The underrated art of simplification
We laughed at Trump for needing things dumbed down. But the ability to simplify without losing the essence is one of the most valuable, and rarest, skills there is.
Originally published april 2023 on stijnbakker.com
Trump needed things dumbed down, everyone laughed.
But here’s the thing nobody admits: simplification is an incredibly valuable skill. And almost nobody can do it well.
The trick isn’t making things short. It’s making things simple without losing the essence. Crafting a story that can be followed instantly. Where every part is understood on its own. Where the pieces build toward a conclusion that stands on its own weight.
That requires two things most people don’t have simultaneously.
First, you need to deeply understand your material. You can’t simplify what you don’t fully grasp. The physicist who explains quantum mechanics in plain language understands it better than the one who hides behind jargon. Simplification isn’t dumbing down, it’s distilling.

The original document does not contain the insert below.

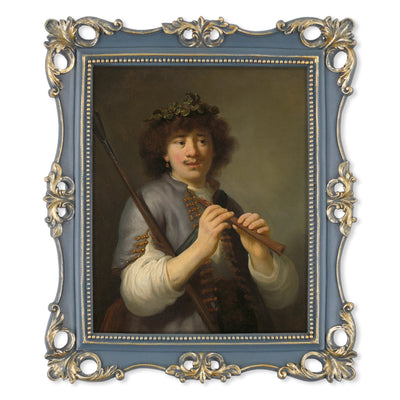 An ornate vintage-inspired picture frame with dark blue edges and gold accents, designed for an 8x10-inch picture, featuring a decorative painting of a man inside.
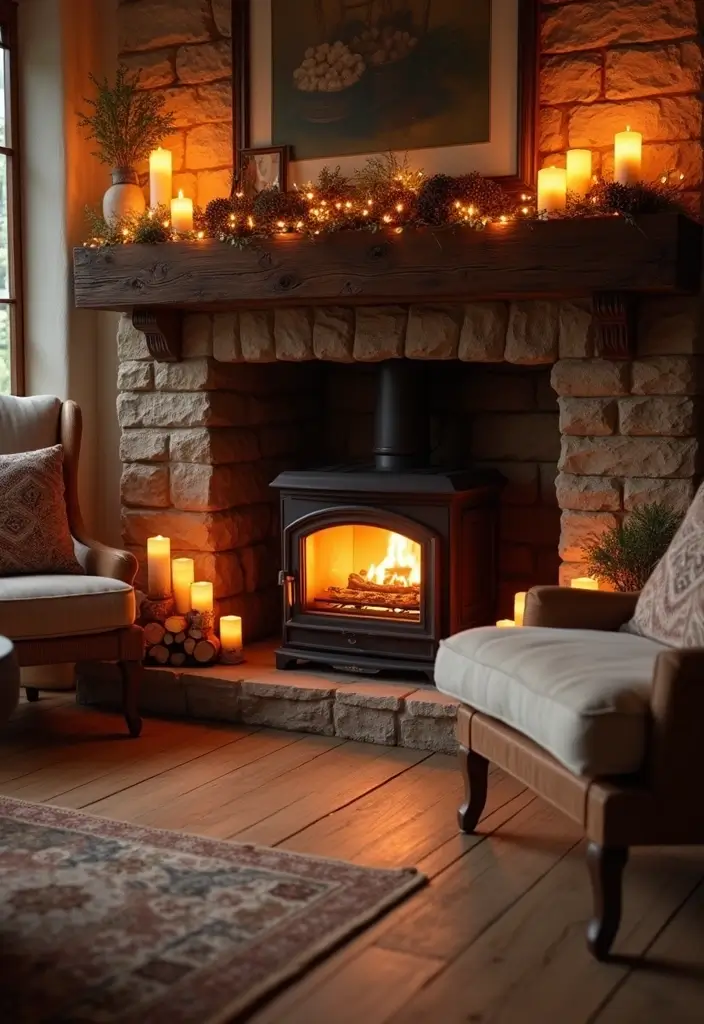 27 Small Cozy Living Room Ideas That Feel Warm and Welcoming - 12. Cozy Fireplace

Second, you need to understand your audience. What they already know. What they care about. What metaphors will land. What level of abstraction they can comfortably hold in their head.
Most experts fail at this. They know their domain inside out but can’t explain it to anyone outside their bubble. They mistake complexity for rigor. They confuse “thorough” with “clear.”
The people who can take something genuinely complex and make it genuinely simple, without losing the truth of it, are rare. And valuable. In any field.